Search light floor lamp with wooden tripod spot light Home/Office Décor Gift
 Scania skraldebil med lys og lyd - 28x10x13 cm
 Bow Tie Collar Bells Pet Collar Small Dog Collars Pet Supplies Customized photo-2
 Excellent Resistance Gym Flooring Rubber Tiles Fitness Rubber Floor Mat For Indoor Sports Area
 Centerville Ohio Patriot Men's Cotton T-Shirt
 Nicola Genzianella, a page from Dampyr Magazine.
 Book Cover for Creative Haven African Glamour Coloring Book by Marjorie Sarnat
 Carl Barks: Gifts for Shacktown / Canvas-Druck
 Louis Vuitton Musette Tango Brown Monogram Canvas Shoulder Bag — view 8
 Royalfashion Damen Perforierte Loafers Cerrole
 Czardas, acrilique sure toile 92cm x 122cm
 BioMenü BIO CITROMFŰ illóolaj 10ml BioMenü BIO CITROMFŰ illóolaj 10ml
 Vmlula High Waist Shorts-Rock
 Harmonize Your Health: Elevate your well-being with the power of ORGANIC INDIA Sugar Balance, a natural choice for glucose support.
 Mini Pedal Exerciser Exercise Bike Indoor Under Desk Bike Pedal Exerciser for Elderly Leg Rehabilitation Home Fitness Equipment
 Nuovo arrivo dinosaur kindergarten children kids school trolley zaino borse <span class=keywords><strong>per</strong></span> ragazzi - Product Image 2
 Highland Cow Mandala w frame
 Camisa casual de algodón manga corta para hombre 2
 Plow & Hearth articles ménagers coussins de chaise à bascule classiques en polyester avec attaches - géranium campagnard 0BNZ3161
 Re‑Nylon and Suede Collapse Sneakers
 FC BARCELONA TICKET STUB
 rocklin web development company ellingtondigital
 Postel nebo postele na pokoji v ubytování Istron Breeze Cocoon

· · ·

__To do__: All of the data above needs to be given again exactly.

__Answer box__:
Search light floor lamp with wooden tripod spot light Home/Office Décor Gift
 Scania skraldebil med lys og lyd - 28x10x13 cm
 Bow Tie Collar Bells Pet Collar Small Dog Collars Pet Supplies Customized photo-2
 Excellent Resistance Gym Flooring Rubber Tiles Fitness Rubber Floor Mat For Indoor Sports Area
 Centerville Ohio Patriot Men's Cotton T-Shirt
 Nicola Genzianella, a page from Dampyr Magazine.
 Book Cover for Creative Haven African Glamour Coloring Book by Marjorie Sarnat
 Carl Barks: Gifts for Shacktown / Canvas-Druck
 Louis Vuitton Musette Tango Brown Monogram Canvas Shoulder Bag — view 8
 Royalfashion Damen Perforierte Loafers Cerrole
 Czardas, acrilique sure toile 92cm x 122cm
 BioMenü BIO CITROMFŰ illóolaj 10ml BioMenü BIO CITROMFŰ illóolaj 10ml
 Vmlula High Waist Shorts-Rock
 Harmonize Your Health: Elevate your well-being with the power of ORGANIC INDIA Sugar Balance, a natural choice for glucose support.
 Mini Pedal Exerciser Exercise Bike Indoor Under Desk Bike Pedal Exerciser for Elderly Leg Rehabilitation Home Fitness Equipment
 Nuovo arrivo dinosaur kindergarten children kids school trolley zaino borse <span class=keywords><strong>per</strong></span> ragazzi - Product Image 2
 Highland Cow Mandala w frame
 Camisa casual de algodón manga corta para hombre 2
 Plow & Hearth articles ménagers coussins de chaise à bascule classiques en polyester avec attaches - géranium campagnard 0BNZ3161
 Re‑Nylon and Suede Collapse Sneakers
 FC BARCELONA TICKET STUB
 rocklin web development company ellingtondigital
 Postel nebo postele na pokoji v ubytování Istron Breeze Cocoon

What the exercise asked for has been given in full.